The benefits to this approach are:

  • You don't care what properties the objects you're comparing have, you just care about whether they're identical.
  • It's fast (comparing JSON is generally faster than traversing the objects to compare each property).
  • It's more succinct to splice the scrape array rather than adding the 'good' and 'nogood' arrays to arrive at a filtered scrape array.

Possible deal breaker is if the objects you're comparing contain methods, in which case comparing them via JSON is not the correct approach.

https://developer.mozilla.org/en-US/docs/Web/JavaScript/Reference/Global_Objects/JSON/stringify

JohnnyFaldo
  • 4,121
  • 4
  • 19
  • 29
1

If we have arrays old and scrape to be of size M and N, respectively, all traditional approaches has the complexity of O(M * N) because you need to compare each entry within array scrape with the ones exists in array old to find out whether matches or not.

The second and more efficient approach is to create a hash table on first array, typically on bigger one (old here), and iterate over the second one (scrape here) which has the complexity of O(M + N).

If the size of M and N be as big as enough, the differences show themselves.
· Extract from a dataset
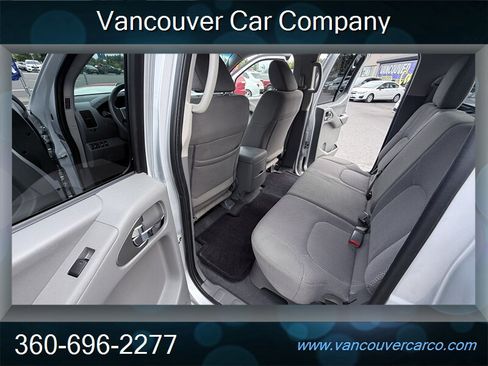 Used 2019 Nissan Frontier SV AWD/4WD image 14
As an example if M=100 and N=200, the former one needs to compare 20000 objects but the later one needs just 300 comparisons.

please take a look at this code:

const old = [
  {a: 6, b: 3},
  {a: 1, b: 1},
  {a: 3, b: 3}
]

const scrape = [
  {a: 1, b: 1},
  {a: 5, b:5}
]

// create hash map using built-in Javascript Map
const pair = old.map(x => [JSON.stringify(x), true])
const map = new Map(pair)

// filter those object does not exist in hash map
const good = scrape.filter(x => !map.has(JSON.stringify(x)))
console.log(good)
agtabesh
  • 548
  • 3
  • 15
  • thanks! I tried your example without the hash map, and it seems to work as well, unless I'm overlooking something? `var good; var old1 = old.map(e => JSON.stringify(e)); good = scrape.filter(e=> !old1.includes(JSON.stringify(e))); console.log(good);` – mac Jul 12 '19 at 21:31
  • @mac It's ok but in large arrays, it takes time because it has complexity of `O(MN)` as described above. Using hash map is efficient way. however, what you have done is also works. – agtabesh Jul 13 '19 at 02:57
0

How about something like this?

const good = scrape.filter((sEl) => {
  return !old.some(oEl => oEl.a === sEl.a);
})

This avoids the nested forEach loops and .some will return as soon as a single true condition is found, avoiding some excess searching when an element exists early in the 'old' array.

Jeff Hechler
  • 285
  • 3
  • 16
0

May be something like:

var old = [
  {a: 6, b: 3},
  {a: 1, b: 1}, 
  {a: 3, b: 3}
]

var scrape = [
  {a: 1, b: 1}, 
  {a: 5, b:5}
]

var result = scrape.filter(s => old.findIndex(o => o.a === s.a) === -1);
console.log(result);
Vishnu
  • 897
  • 6
  • 13